I might not say, “Hi I’m Stephanie and I’m 41” to everyone I meet, but my age is significant. Each year has contributed to who I have become and is a triumph, no matter how crummy the year. The Earth has traveled around the sun another time and one more layer has been added to the person I am.
This past year was not my favorite. The phrase “being a grown up is hard” came out of my mouth so many times. I have cried more and been on my knees more than most other years. We are tired and discouraged. The people we love and the world around us is facing heartbreak, loss, betrayal, sickness…it overwhelms me. I yearn for the days when dreaming up my birthday party was taking up the most room in my mind.
Getting older is hard. Dreams have met reality. My body is failing me.

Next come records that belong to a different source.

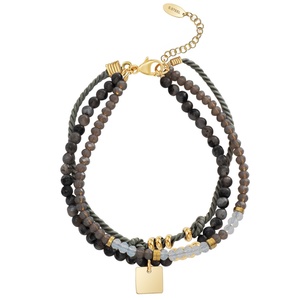 Bracelet à breloques carrées triple couche en acier inoxydable plaqué or avec pierres naturelles, design unique, perles de pierres précieuses naturelles - Product Image 5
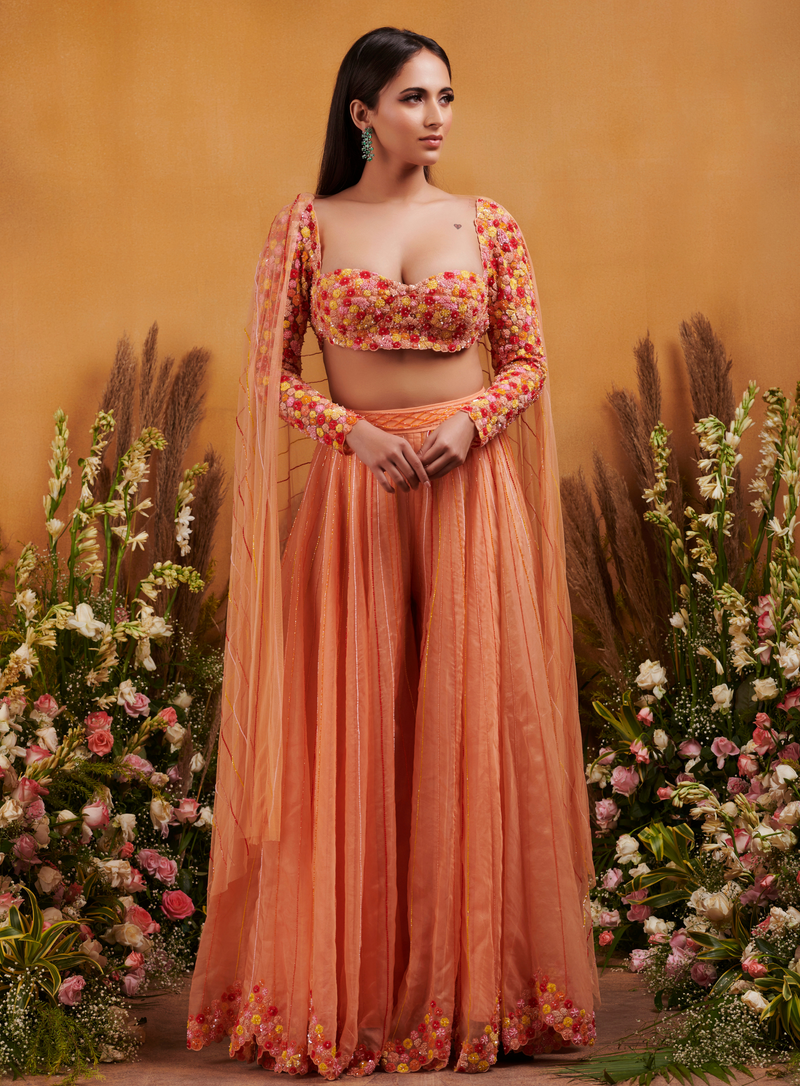 Multicolour 3D thread flower blouse with flared pants and matching dupatta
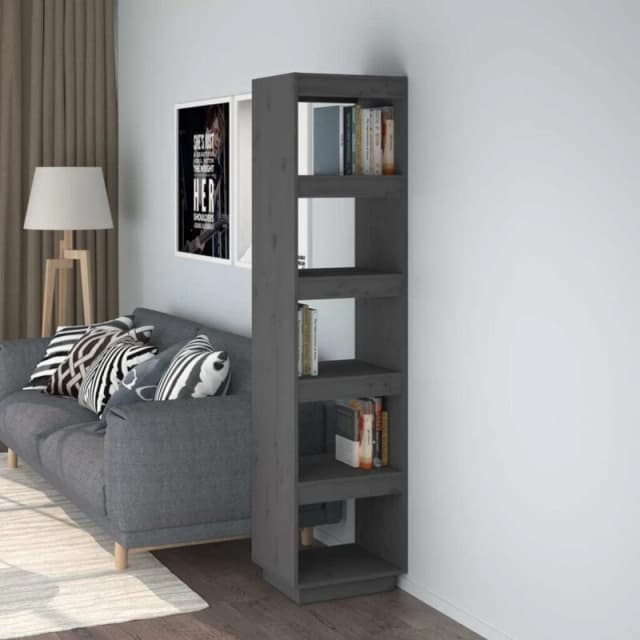 VIDAXL Vidaxl - Book Cabinet/Room Divider Grey 40x35x167cm Solid Wood Pine 8720286815878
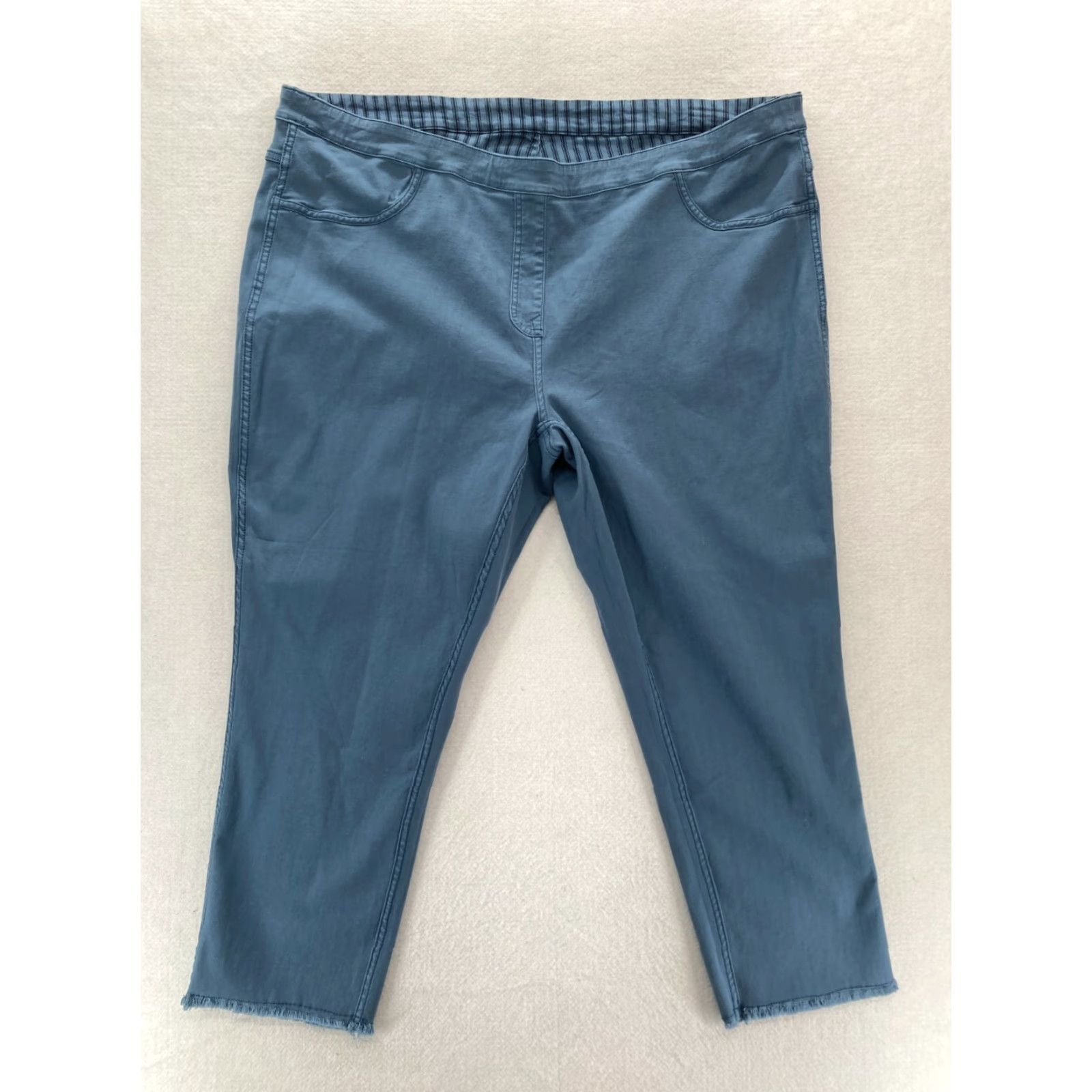 Denime DG2 Diane Gilman Jeans Women's Plus 24 Striped Denim Reversible Pull On NWT Blue Slim Skinny 5-Pocket Rise High Inseam 28 in Mens Womens Girls Size 34" / US 12 / IT 48 - 4 Thumbnail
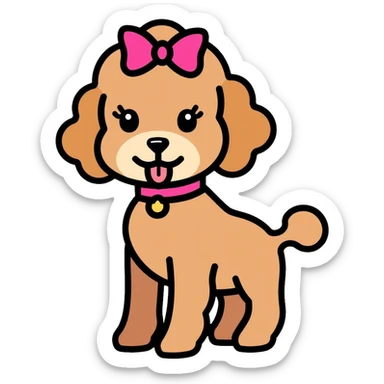 Cute brown poodle dog with a pink bow on its head and tail, with its tongue sticking out, and wearing a pink collar sticker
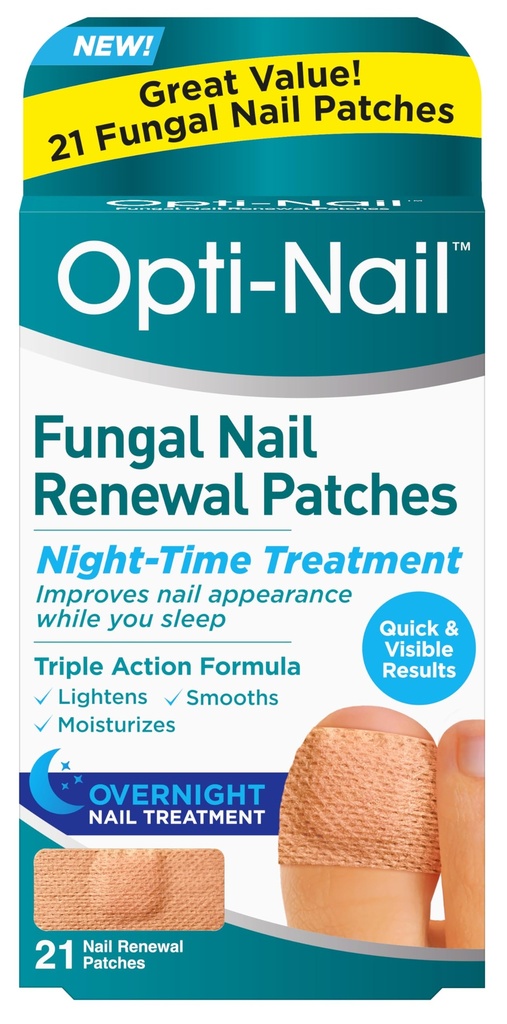 Opti-Nail Fungal Nail Renovação Patches - 21 Patches, Tratamento noturno melhora a aparência da unha enquanto você dorme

But as someone who has officially made it “over the hill,” I can begin to see that the backside of the mountain has much to be celebrated. I have a lot of life lessons under my belt. I am comfortable in my skin. I have what it takes to enjoy the pristine view and navigate the back country trails.
If I use what I learned on the way up the mountain and resist the urge to slide down the other side without looking around, there is still plenty of wonder to be had. I am reminded again of this wisdom: “A life that is not reflected upon isn’t worth living. It belongs to the essence of being human that we contemplate our life, think about it, discuss it, evaluate it and form opinions about it. Half of life is reflecting on what is being lived.” –Henri Nouwen
Much more than New Year’s resolutions and annual goals, I want reflection to be a regular rhythm in my year. So today, on my 41st birthday (after eating my favorite breakfast and feeling the sun on my face at the beach),
I am embarking on a new birthday tradition- to set aside time to respond to the questions below. I will resist the urge to slide down without really looking around. I might be tired and the snow might be deep in this adult life thing, but I want to make the most of it. I hear that the deepest powder makes for the most epic journey.